Et quand on pousse la porte de l’agence SeaFrance, place d’Armes à Calais, le responsable renvoie le client vers… le concurrent P&O, dont la boutique, juste en face, ne désemplit pas depuis un mois.

Un panneau d’affichage devenu inutile trône dans un coin de la boutique SeaFrance, proposant des voyages “visite et shopping” d’une journée en autocar pour Londres. En grosses lettres, quatre dates pour les week-end précédant les fêtes en décembre, sur des ferries qui ne sont jamais partis.

“Tout le monde est pessimiste”, explique Franck, employé à la restauration à bord. “Il ne reste que la Scop pour sauver SeaFrance, mais il n’y a pas de financement total”, souligne-t-il.

Ce projet de coopérative ouvrière porté par la CFDT (85% du personnel navigant) est aujourd’hui seul en lice, après que Louis Dreyfus Armateurs, associé au danois DFDS, a jeté l’éponge lundi, date limite pour le dépôt de nouvelles offres de reprise de SeaFrance.

“La SNCF et l’Etat n’ont pas assumé leur rôle”, accuse un membre du personnel à terre “trahi et amer”, qui veut rester anonyme. Il déplore aussi l’attitude de la CFDT, qui a refusé une réunion de concertation avec DFDS, “or ça aurait peut-être sauvé la moitié des emplois”.

La plupart n’attendent pas la liquidation définitive, qu’une rumeur prédit “entre Noël et Nouvel An”, pour commencer à chercher un emploi.

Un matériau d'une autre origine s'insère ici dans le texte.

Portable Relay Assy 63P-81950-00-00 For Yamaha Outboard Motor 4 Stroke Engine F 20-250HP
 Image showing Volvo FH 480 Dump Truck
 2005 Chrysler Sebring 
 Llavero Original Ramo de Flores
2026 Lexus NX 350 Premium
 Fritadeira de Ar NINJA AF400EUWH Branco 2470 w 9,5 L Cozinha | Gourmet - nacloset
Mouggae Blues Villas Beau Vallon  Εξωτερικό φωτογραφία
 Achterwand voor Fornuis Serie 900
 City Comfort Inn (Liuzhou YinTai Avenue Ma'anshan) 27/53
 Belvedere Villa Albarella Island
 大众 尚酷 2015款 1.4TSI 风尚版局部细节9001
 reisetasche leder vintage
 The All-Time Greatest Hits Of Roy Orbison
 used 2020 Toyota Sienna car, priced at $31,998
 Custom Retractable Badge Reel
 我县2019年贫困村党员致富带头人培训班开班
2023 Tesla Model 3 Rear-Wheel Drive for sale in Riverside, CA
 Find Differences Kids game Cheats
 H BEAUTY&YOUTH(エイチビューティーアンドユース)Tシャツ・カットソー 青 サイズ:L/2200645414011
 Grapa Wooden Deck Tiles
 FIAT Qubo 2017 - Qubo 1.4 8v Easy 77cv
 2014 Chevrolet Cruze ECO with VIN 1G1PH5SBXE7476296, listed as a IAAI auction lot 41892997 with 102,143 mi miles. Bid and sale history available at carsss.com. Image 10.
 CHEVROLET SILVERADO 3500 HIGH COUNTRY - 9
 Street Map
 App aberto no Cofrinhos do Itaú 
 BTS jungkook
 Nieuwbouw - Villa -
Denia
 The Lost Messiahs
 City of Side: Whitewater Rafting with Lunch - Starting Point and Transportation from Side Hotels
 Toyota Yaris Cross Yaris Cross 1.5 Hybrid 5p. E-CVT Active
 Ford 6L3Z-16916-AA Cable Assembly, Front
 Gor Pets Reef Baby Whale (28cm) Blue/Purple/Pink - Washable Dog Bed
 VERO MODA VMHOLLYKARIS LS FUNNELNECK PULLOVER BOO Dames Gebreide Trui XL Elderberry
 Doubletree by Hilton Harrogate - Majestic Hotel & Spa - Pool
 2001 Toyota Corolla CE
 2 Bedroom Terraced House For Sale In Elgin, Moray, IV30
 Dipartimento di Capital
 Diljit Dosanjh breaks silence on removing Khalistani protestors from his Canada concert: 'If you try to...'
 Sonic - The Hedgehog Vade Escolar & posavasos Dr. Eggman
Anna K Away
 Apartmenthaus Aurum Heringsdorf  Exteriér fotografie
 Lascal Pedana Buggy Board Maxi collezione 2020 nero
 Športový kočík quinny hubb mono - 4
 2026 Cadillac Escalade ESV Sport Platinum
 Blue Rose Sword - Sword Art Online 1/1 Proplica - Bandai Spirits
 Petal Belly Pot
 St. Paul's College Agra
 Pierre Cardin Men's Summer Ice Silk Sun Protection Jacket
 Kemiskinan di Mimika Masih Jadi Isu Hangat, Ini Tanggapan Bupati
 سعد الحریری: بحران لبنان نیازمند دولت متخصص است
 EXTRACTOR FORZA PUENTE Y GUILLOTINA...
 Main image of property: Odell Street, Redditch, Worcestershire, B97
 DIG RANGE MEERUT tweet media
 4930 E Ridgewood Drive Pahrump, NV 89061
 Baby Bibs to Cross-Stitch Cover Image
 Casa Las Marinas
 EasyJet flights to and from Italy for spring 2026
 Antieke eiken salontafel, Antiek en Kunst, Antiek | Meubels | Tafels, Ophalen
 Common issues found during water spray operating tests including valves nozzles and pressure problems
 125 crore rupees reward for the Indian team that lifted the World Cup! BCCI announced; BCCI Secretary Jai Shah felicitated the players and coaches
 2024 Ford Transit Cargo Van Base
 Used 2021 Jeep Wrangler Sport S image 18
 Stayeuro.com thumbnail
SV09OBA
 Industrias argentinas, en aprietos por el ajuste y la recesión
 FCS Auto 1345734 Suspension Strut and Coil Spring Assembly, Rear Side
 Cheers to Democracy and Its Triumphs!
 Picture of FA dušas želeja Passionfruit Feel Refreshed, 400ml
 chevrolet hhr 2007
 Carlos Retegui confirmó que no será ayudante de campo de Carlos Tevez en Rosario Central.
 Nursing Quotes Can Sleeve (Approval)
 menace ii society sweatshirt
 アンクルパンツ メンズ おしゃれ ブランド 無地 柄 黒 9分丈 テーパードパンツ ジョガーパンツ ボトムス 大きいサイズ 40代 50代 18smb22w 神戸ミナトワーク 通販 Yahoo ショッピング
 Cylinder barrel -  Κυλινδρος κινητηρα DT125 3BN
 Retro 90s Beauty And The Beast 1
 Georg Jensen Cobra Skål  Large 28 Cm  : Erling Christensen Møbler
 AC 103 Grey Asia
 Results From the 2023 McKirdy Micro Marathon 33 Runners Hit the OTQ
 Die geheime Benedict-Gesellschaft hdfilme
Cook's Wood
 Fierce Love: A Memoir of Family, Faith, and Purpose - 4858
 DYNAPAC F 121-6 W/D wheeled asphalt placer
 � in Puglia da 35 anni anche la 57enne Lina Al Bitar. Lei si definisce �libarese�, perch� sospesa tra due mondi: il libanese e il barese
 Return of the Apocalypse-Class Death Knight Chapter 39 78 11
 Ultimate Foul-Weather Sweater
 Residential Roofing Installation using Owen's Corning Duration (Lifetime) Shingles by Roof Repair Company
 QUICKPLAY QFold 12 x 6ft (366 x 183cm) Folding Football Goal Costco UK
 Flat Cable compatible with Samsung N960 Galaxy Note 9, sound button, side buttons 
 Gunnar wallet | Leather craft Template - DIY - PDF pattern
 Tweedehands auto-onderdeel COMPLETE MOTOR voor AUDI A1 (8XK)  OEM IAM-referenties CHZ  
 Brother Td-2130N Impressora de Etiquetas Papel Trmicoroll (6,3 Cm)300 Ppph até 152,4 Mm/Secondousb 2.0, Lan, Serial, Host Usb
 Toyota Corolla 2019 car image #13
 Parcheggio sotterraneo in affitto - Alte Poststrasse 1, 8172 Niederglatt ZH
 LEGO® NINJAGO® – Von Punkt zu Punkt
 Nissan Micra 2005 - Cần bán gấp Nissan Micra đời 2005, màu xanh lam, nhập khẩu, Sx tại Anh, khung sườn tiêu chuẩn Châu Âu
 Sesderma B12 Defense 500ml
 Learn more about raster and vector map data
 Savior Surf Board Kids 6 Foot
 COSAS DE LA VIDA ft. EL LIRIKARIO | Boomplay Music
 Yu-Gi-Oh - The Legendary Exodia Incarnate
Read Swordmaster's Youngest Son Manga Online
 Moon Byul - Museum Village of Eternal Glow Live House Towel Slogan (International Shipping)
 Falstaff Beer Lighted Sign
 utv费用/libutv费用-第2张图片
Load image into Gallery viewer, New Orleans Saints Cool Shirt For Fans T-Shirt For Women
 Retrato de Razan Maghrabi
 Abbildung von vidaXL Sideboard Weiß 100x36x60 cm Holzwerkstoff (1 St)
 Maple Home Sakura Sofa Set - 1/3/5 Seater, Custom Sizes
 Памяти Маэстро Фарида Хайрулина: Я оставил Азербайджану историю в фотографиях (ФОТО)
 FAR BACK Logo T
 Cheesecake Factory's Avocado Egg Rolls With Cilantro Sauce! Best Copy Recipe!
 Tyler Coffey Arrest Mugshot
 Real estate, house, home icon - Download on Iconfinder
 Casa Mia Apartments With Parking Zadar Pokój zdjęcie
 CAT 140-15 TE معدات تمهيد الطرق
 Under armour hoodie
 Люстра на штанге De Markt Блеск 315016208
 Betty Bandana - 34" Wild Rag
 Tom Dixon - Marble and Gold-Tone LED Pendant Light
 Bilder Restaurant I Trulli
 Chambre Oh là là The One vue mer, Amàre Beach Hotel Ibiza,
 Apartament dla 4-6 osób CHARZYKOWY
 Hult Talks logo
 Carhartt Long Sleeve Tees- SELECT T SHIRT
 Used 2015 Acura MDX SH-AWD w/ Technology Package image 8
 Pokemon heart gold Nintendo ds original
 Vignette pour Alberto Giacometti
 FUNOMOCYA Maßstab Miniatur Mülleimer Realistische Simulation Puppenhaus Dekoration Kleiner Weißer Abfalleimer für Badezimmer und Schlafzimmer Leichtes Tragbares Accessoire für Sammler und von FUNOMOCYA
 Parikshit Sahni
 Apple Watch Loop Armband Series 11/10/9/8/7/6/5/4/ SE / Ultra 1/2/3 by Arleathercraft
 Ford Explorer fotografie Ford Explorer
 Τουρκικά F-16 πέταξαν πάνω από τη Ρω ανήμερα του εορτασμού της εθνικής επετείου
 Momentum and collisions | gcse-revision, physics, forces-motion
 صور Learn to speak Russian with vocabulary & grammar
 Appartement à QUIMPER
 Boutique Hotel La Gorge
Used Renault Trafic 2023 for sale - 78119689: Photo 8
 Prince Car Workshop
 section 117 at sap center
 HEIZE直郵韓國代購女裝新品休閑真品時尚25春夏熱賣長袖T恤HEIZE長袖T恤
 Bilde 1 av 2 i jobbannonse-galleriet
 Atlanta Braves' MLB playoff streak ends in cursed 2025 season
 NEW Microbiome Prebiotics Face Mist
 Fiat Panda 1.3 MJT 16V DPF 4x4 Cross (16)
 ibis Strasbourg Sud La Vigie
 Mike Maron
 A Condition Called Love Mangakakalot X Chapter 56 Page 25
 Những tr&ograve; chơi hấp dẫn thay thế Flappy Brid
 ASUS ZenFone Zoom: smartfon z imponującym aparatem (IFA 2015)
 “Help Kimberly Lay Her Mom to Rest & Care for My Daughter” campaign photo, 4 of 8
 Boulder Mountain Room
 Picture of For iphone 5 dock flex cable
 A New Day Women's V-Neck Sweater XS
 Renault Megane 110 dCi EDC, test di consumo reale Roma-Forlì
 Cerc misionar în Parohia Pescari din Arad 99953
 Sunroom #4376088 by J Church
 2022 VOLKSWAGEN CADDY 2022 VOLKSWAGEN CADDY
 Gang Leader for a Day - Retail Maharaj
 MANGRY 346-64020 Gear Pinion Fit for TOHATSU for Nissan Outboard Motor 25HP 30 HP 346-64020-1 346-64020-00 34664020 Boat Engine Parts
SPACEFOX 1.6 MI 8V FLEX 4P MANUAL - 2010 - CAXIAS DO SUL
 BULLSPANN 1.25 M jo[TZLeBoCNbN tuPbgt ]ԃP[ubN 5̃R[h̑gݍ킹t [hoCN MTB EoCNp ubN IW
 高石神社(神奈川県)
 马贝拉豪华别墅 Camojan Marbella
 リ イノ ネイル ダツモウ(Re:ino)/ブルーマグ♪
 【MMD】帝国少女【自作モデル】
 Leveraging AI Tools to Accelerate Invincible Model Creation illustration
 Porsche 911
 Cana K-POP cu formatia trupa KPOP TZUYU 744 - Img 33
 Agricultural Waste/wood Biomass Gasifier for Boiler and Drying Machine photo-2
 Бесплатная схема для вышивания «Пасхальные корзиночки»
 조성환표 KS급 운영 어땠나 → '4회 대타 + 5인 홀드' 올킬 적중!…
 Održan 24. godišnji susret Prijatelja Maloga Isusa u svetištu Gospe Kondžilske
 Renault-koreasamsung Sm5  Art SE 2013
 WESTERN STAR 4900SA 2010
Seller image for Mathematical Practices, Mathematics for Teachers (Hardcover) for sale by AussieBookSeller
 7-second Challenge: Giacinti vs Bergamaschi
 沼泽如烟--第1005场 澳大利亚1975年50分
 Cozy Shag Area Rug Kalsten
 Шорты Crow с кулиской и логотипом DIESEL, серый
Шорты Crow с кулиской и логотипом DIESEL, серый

“Le domaine maritime dans le coin est sinistré”, constate Yann Leprêtre. “La plupart des collègues essayent de trouver une nouvelle formation, il y a bien la marine de pêche, mais c’est de longues campagnes et ça ne rapporte rien”.

“Une reconversion, mais dans quoi ? J’ai fait des navires de commerce, du long courrier, après plus de vingt ans de vie de marin, pas facile de se retourner !”, dit Dominique.